The company, the world’s largest hotel operator by number of rooms, reported that revenue per available room — the industry’s preferred measure of sales — rose 4.8 per cent in the quarter, compared with 5.8 per cent in the first half of the year and 5.1 per cent in the year to date. Despite the slowdown, the performance beat analysts’ forecasts of an increase of 3.9 per cent.

IHG shares were up 4.85 per cent at £24.23 in mid morning trading on Tuesday. They have risen 6.5 per cent in the past 12 months, ahead of the FTSE 100, which has climbed just 1.5 per cent in the same period.

Tuesday’s jump came after a rocky September, when IHG’s shares shed 7 per cent as rivals struggled. US peer Host Hotels & Resorts trimmed its earnings guidance amid weak demand in August.

A number of US hotel real estate investment trusts, including La Quinta and Pebblebrook, also cut guidance last month, sparking concerns that expansion by large hotel operators had not been matched by rising demand.

In the third quarter, the best-performing markets for IHG were Europe, where revenue per available room rose 7.8 per cent, Asia, the Middle East and Africa, where growth was 7.1 per cent.

Greater China fell 0.7 per cent, however, as occupancy growth was offset by a decline in room rates.

Analysts had been expecting growth of 0.8 per cent in China. However, the company noted that revenue per available room in mainland China was up 2.1 per cent.

Richard Solomons, IHG chief executive, said: “Looking ahead to the remainder of this year, we are encouraged by current trading trends and remain confident in the outlook.”

Overall IHG had 726,876 hotel rooms in the third quarter and has agreed to open a further 16,040. It has another 217,709 in the pipeline, which are not yet confirmed.

The company continued to reduce its property portfolio, while retaining management contracts to operate the hotels.
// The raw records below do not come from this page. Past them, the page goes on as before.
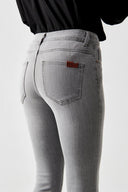 NELLY Skinny Fit Açık Gri Kadın Jean Pantolon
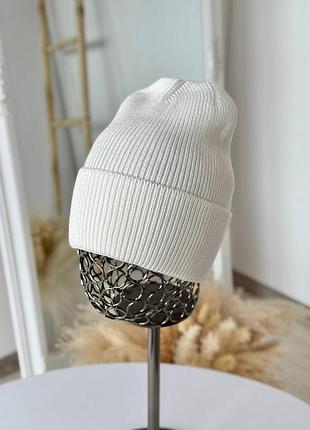 Базовая шапка (унисекс)⭐️55-59 осень/зима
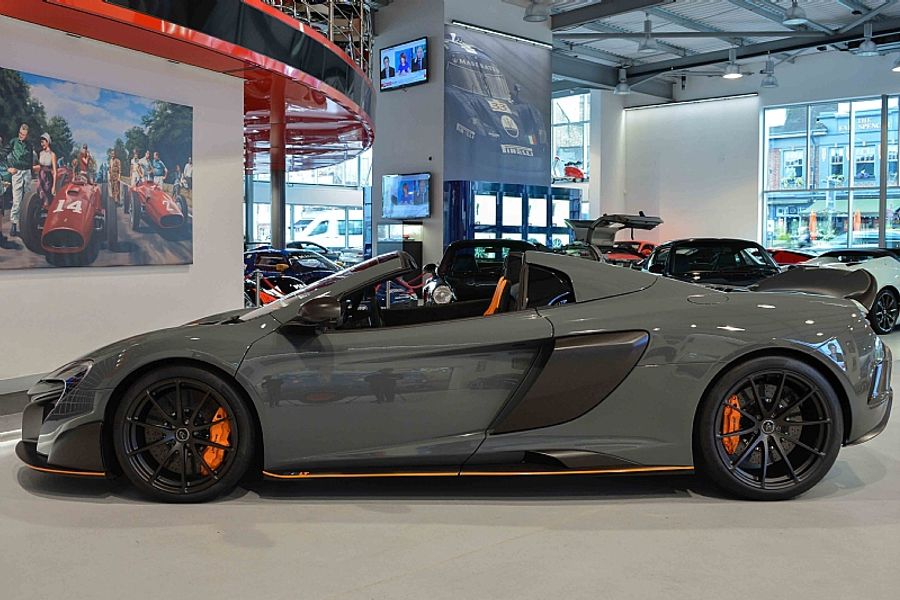2016 McLaren 675LT Spider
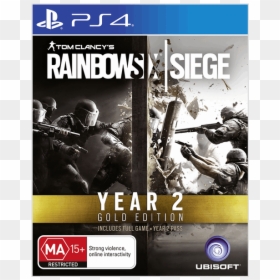 Ps4 Game Rainbow Six Siege, HD Png Download - rainbow six siege operators png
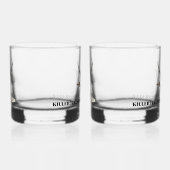 Verre À Whisky Drinkware Set (Droite)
In July, it sold its flagship Hong Kong hotel for $938m — well over the $298m valuation for the building — a deal it said completed its major asset disposal programme.

Activist investors including Nelson Peltz and more recently US hedge fund Marcato have been scrutinising IHG’s management in recent years. Last year, the company returned more than $1bn to shareholders, including a $763m special dividend in May.
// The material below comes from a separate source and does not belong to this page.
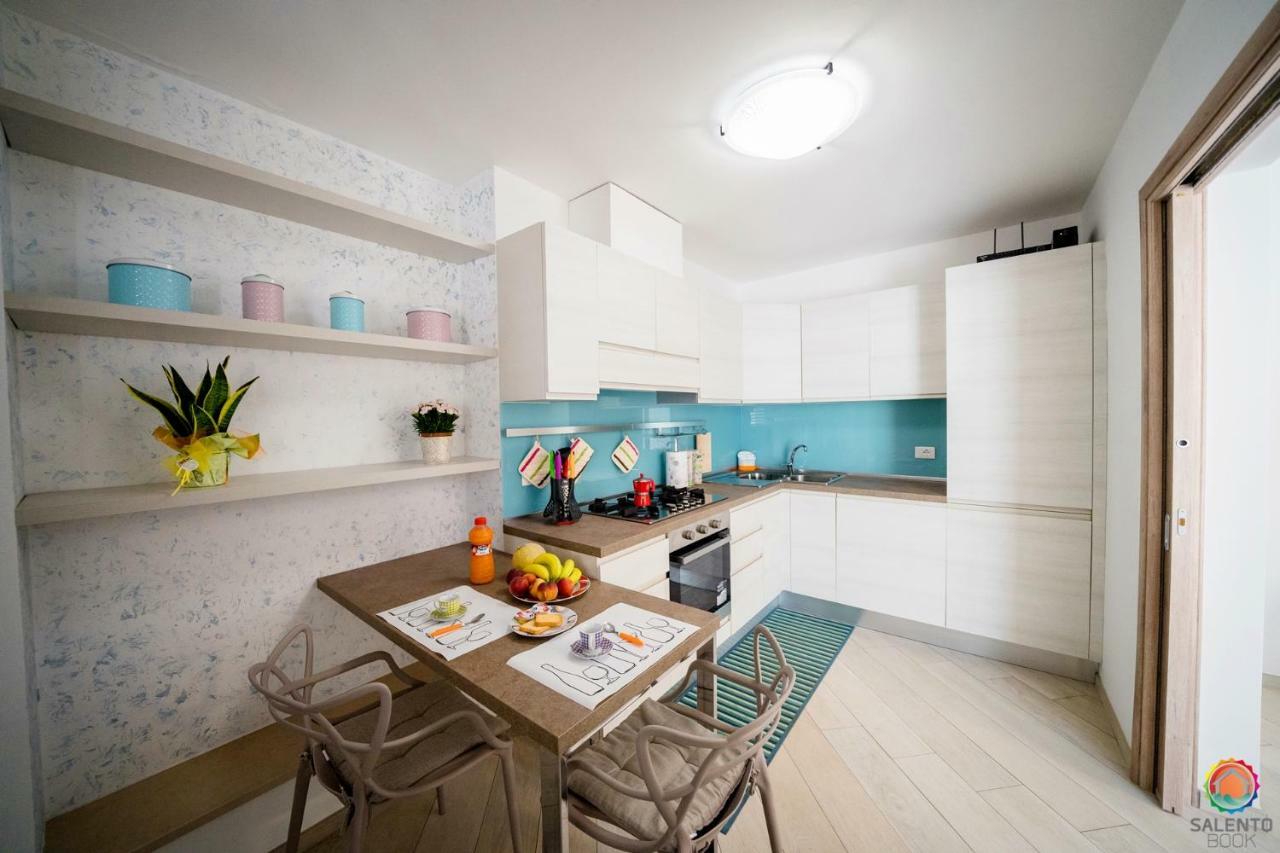 מרינה די פסקולוזה Perle Del Mare - Appartamenti Di Pregio 70M Spiaggia Pescoluse מראה חיצוני תמונה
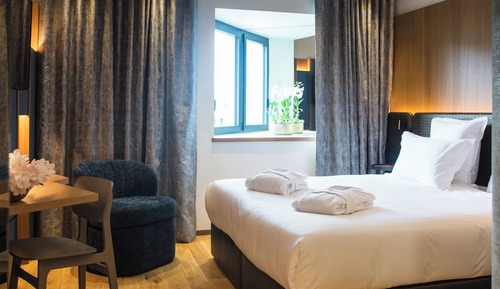 Habitación clásica con 1 cama doble o 2 individuales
In July, the Financial Times reported that IHG had held early stage talks with Starwood Hotels & Resorts over a union to create the world’s largest hotel group, after Starwood effectively put itself up for sale in April. IHG responded that it was not at that time in talks with Starwood with a view to a combination of the businesses. There is also speculation that the Holiday Inn owner is reportedly close to buying luxury hotel chain Fairmont.